Over at Reason, Matt Welch takes issue with my (and Daniel Larison’s) defense of the Arizona immigration law:
The whole only-people-with-reason-to-fear argument, to put it mildly, has not been a historical friend of liberty. Nor is it usually accurate. If you are a legal resident immigrant from Mexico, you have plenty of “reason to complain” about this law, because now it’s more likely that you are going to be pulled over by an Arizona cop.
I don’t actually take the “only-people-with-reason-to-fear” position: I recognize all government power can be, and typically is, abused. But in principle the Arizona law tries to balance two competing interests — trying to reduce an illegal population that is mostly Hispanic while protecting the rights of Hispanic legal residents and citizens, who are also large in number. Whether it works out that way in practice, we’ll soon see. But in the context of federal non-enforcement of the border and immigration-related problems affecting Arizonans of all races and ethnicities, it simply makes no sense to not use routine police contacts with illegal immigrants to determine their legal status.
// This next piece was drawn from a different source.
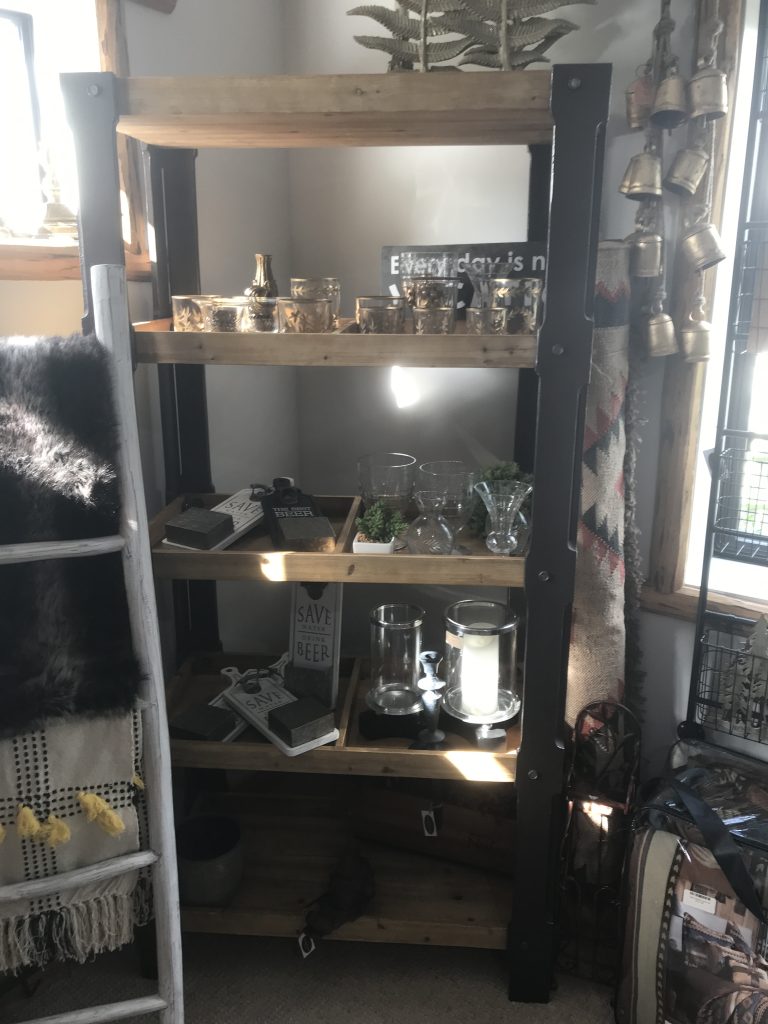 5 Shelf Wall unit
As Welch himself observes, the problems associated with illegal immigration are real and they are faced by decent, law-abiding people in Arizona every day. That is why this law was enacted with 70 percent popular approval. There is no truly surgical or cost-free way to deal with those problems. And with all due respect to my libertarian friends, that includes legalization: even fixing the immigration black market won’t prove cost-free.